We all try to get information through potential clients which we believe will be useful and beneficial to their business.
However, considering our busy schedule and extensive working hours, we tend to rarely reach a second paragraph of an email, especially coming from people we do not know.
Thus, it is understandable that often we delete the emails before we even get to the gist of it.
We are all trying to get more and bigger clients. However, we tend to get less responses then what we hoped for. Here are some tips on how to improve the response rate to our introduction letters.
Eliminate Over Selly Vocabulary
Make sure you do not sound like one more annoying advertisement. Although your product/service is great, do not use adjectives such as – “the best”, “incredible”, “partner”, “unique”, “all that you will ever need”, “the answer to all of your needs”.

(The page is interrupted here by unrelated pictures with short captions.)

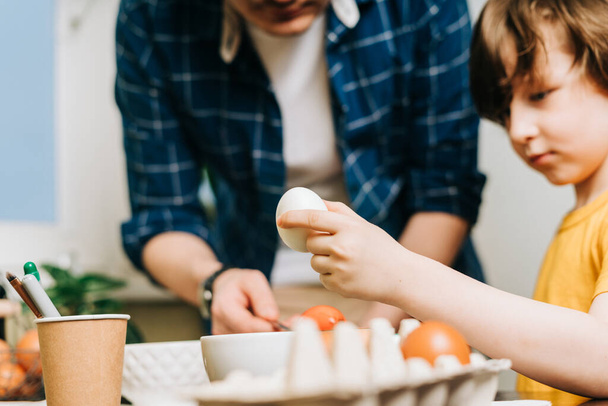 Ημέρα του Πάσχα. Αρσενικό Πατέρας και γιος ζωγραφική αυγά σε ξύλινο φόντο. Οικογένεια κάθεται σε μια κουζίνα. Προετοιμασία για το Πάσχα, δημιουργική σπιτική διακόσμηση. Παιδί παιδί αγόρι έχει τη διασκέδαση και τη ζωγραφική πασχαλινά αυγά - Φωτογραφία, εικόνα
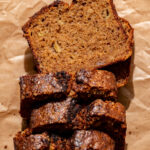 brown butter banana bread sliced on parchment paper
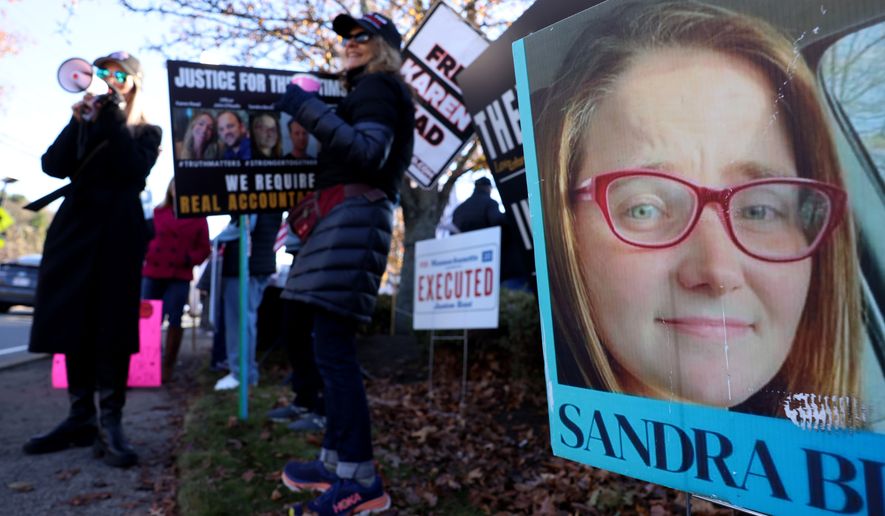 A photo of Sandra Birchmore is displayed during a Stronger Together Standout gathering, where the groups Free Karen Read, Justice for Sandra Birchmore & Justice for Juston Root protested together, outside of the Norfolk District Attorney's office, Nov. 13, 2024, in Canton, Mass. (Jessica Rinaldi/The Boston Globe via AP, File)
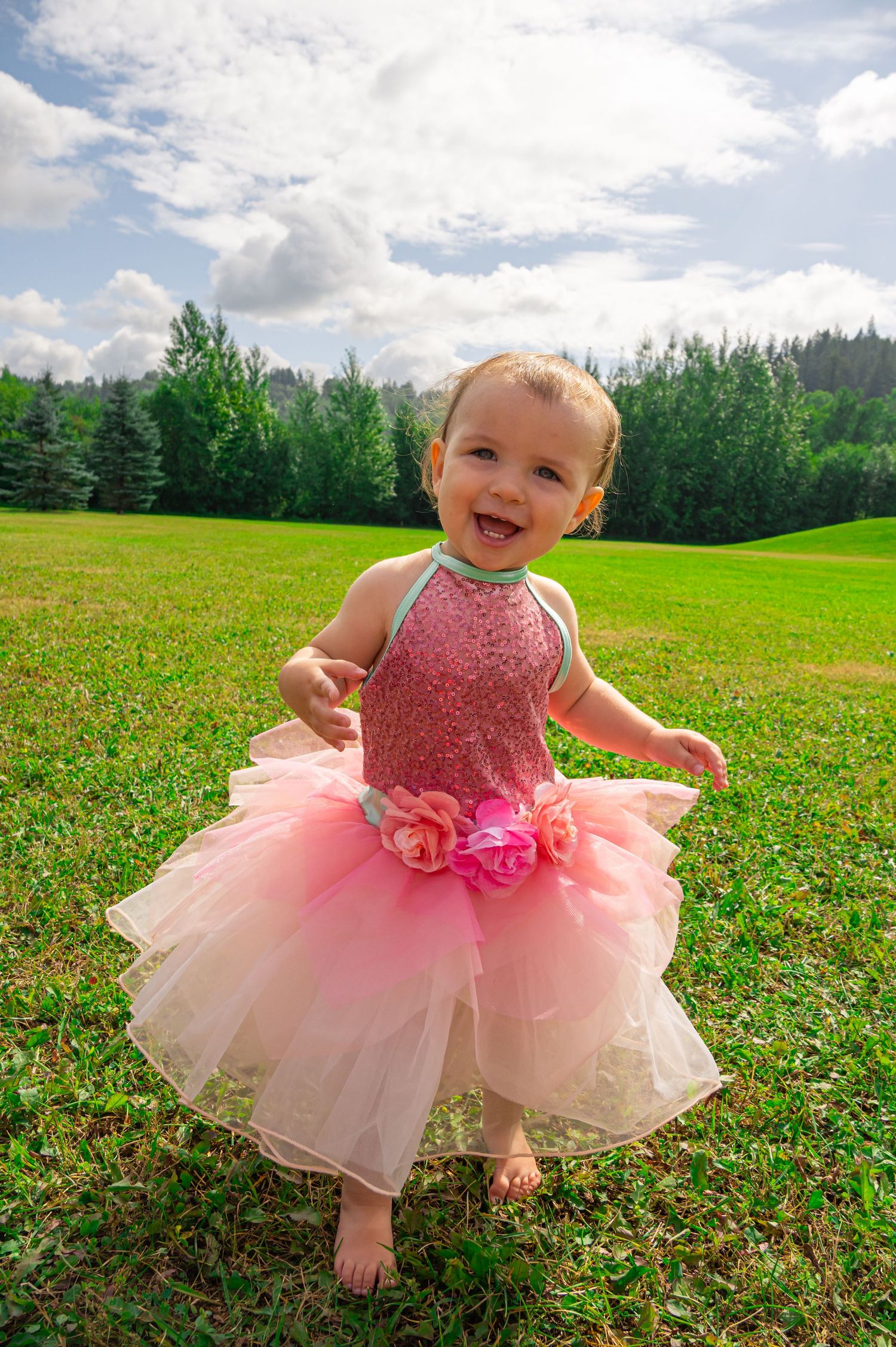 A pink sparkly tutu dress with floral details twirls on a sunny day against a backdrop of evergreen trees.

Keep your message very simple
Keep your messages short and clear. They should not go over 90-100 words. Use 2 sentence paragraphs, to help your readers skim through it and yet understand the meaning.

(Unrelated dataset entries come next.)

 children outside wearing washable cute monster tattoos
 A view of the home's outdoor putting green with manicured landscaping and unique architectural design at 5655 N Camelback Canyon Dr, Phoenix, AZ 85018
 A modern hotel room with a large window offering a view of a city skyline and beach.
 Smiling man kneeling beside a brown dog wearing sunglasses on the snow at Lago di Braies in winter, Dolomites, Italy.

Keep your writing clean – do not use colors and never include more than one link or attachment.
Keep the Goals in Mind
Like in a CV, it’s always better to contact a specific company and person with a specific business objective. Make sure you email clearly states why it is important for the recipient to talk to you. Relevance is essential.
Keep it in the present
Identify what is important to your prospect now and relate your message to that. This would imply that you need to be well aware of their industry, important developments in the global business world, and particular knowledge about the company.

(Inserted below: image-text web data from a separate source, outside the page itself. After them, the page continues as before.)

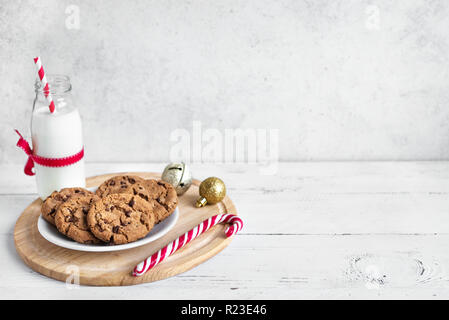 Cookies aux pépites de chocolat et de lait pour le Père Noël. Noël traditionnel, composé de biscuits, de bonbons de la canne à sucre et de la bouteille de lait avec un décor de Noël en bois blanc sur Banque D'Images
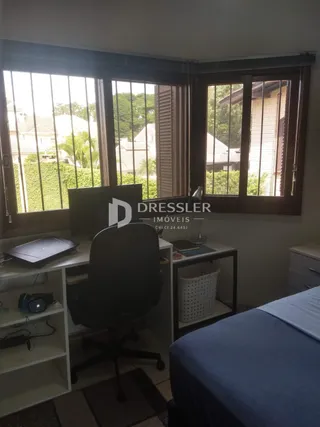 Quarto com janela e área de trabalho em imóvel no Lajeado.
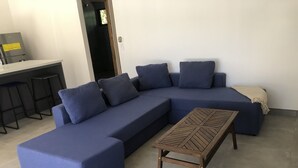 Een moderne woonkamer met een hoekbank, een houten salontafel en een bar met barkrukken.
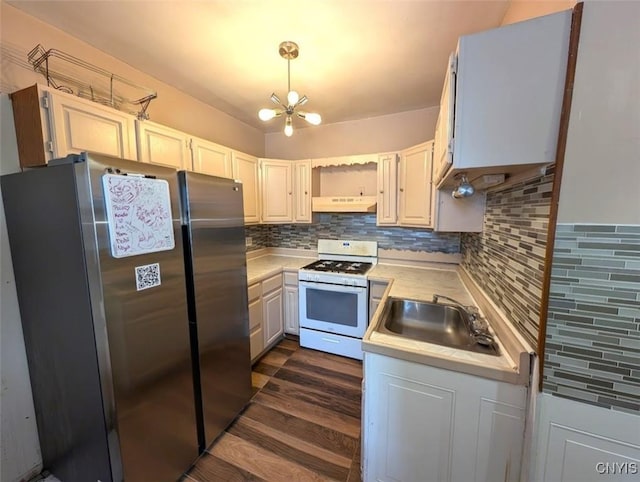 kitchen featuring pendant lighting, sink, stainless steel refrigerator, a notable chandelier, and white gas range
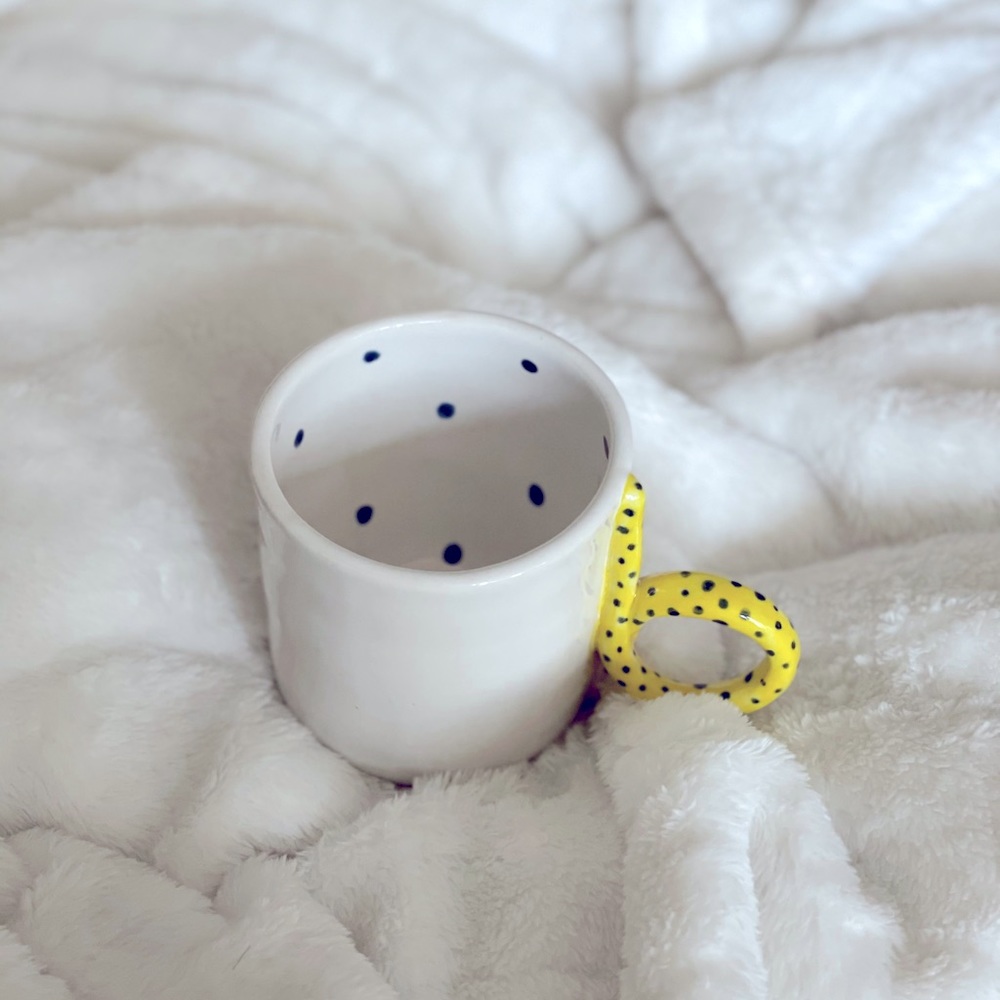 Handmade white and yellow with black dots mug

There may be many other companies which do the same as yours but there is no other which has you on board. In your email, make sure you focus on information and ideas which will help your prospect move forward with their business.
Pick the right subject line
The subject defines whether your email is opened immediately or it is put in the “For Later” folder. Be concise and direct. Focus on the business needs of your prospect and provide the answer directly.
Be prepared to get in touch between 8 and 12 times (email and phone) with the prospects you have contacted over a month to 6 weeks. Try to have each contact building on the previous one. Send links and resources important to the industry of your prospects to make sure you stay on top of their heads.